For me, I want to ensure new code merging into my main branch is passing ALL Unit and UI Tests, and prevent code smell creep using tools such as CheckStyle (for legacy java files), Detekt, and Lint to block code with violations from auto-merging in.
The desired end state will look something like below. When a pull request is opened into my main branch (for me that’s develop), it will automatically kick off the below checks.
I’m not one to belabor a point, and let’s be honest, you’re not really even going to read this. You’re going to skip to the meat and potatoes of this post. So let’s just do that.
Requirements
- Android project on GitHub
- Firebase hooked up with your project (for things like Crashlytics/Analytics)

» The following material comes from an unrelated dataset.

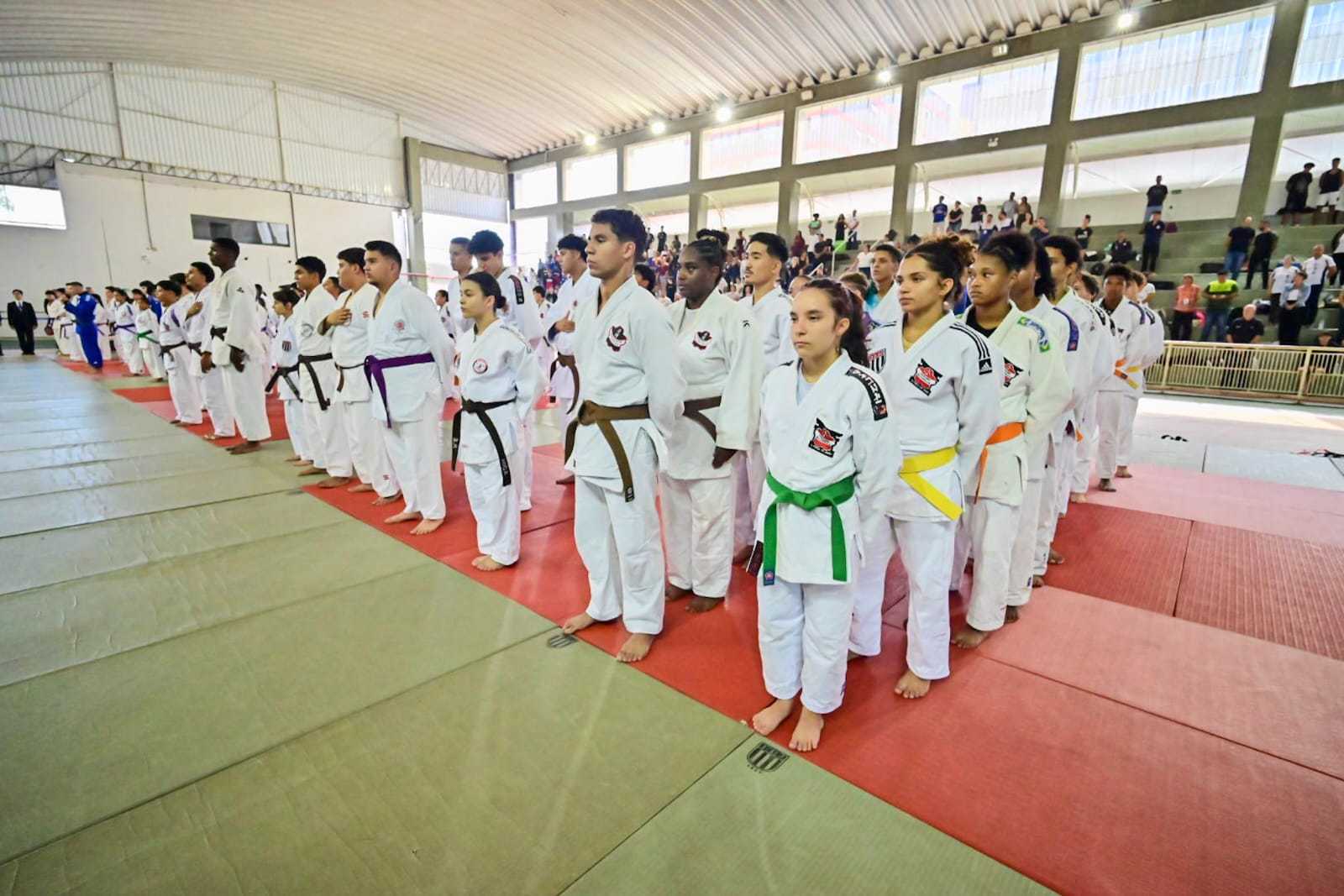 Inter-regional na Praia Grande em São Paulo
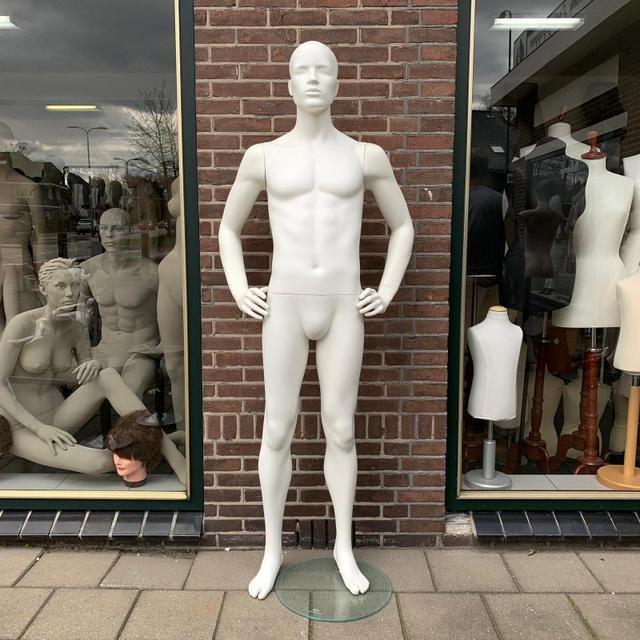 mannequin paspop etalagefiguur etalagepop met armen in zij, Kleding | Heren, Overige Herenkleding, Ophalen of Verzenden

- We will need to leverage the same
google-services.jsonfile used for these services later on.
- We will need to leverage the same
At the root level of your project, add the following directory and files:
.github/workflow/android.yml
.github/workflow/launch_gradle_commands.yml
Below is what you will paste inside of the respective .yml files. Don’t worry, you can trust me :)
Also, I’ll go over what these files are doing in the following steps in case you DON’T trust me for whatever reason.
android.yml
name: CI
on:
push:
branches: [ develop ]
pull_request:
branches: [ develop ]
jobs:
codesmell:
name: Code Smell (Detekt, CheckStyle, Lint)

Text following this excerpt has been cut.